After you have gone through the rescue exercises, the extremely fun part begins. Well for the instructors and assistants on the rescue course anyway! They throw in all the skills that you have learnt in the exercises and put them into various rescue scenarios for you to practice the skills in a safe, challenging environment, role playing real life situations that could happen.
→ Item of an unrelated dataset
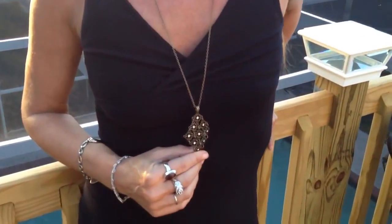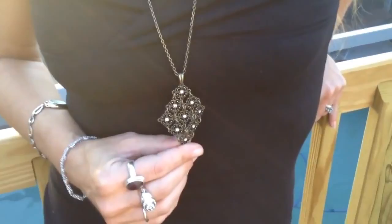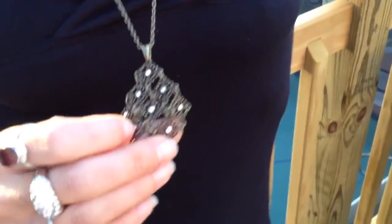Hey, it's Carrie from BlinginOnJewelry.com. I'm wearing a flexible burnished gold pendant necklace. It's rather long — about 36 inches long. It kind of moves with you; it's all interlocked.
There may be a missing diver, you may see someone panicked on the surface because his buddy is unconscious on the bottom. You may need to respond from shore, or go out and rescue in water. Or your buddy might be just tired and need some help with a cramp, you may have to tow someone into shore or give them rescue breaths. The scenarios follow the PADI training standards, initially, but if there is enough time, (and usually there is plenty) the instructors and assistants tend to brainstorm and think of some more challenging scenarios, (and this is where the real serious fun begins!) This allows you to use as many of the skills that you have learnt in the course so far, so that if you do ever find yourself in the situation you can effectively evaluate the situation, approach and provide assistance. You need to work with the rest of the students, so that things can go as smoothly as possible - we like to foster team work, and it makes the course more fun too! As a team you'll decide who will co-ordinate rescues, delegate tasks and how the rescues will be controlled - which makes for some real fun popcorn moments for the staff involved!

After each scenario you will normally get a debrief from your instructor. This is to allow open feedback to be given and also a discussion of how everything went during the scenario. This positive and constructive feedback allows the students to learn from each other and further bond as a team. Additional advice is also given about certain situations and how they could have been avoided, or other options of how they could have been resolved.

If you're an Advanced Open Water Diver and this sounds like an exciting challenge, and you want to expand your sphere of awareness towards helping other people in your diving community, then sign up for a rescue diver course. It's an essential step for Master Scuba Diver and also a requirement for the first level of becoming a professional diver - Divemaster. Go on, have some serious fun!! =)

Note: to be certified as a PADI Rescue Diver, you also require proof of a current first aid and CPR training. The Emergency First Response course covers everything you'll need to become a proficient responder. In brief, the EFR Course teaches the participant Primary Care, Secondary Care, CPR and normally the instructor will also introduce AED use and an overview to Oxygen Use as well. PADI recommends EFR training for Rescue Diver and can be taken at any PADI Dive Centre offering rescue training. The emphasis of EFR training is that adequate care provided is better than perfect care withheld. And you never know when a situation may occur in your life that requires a response. So it's well worth signing up for EFR training anyway!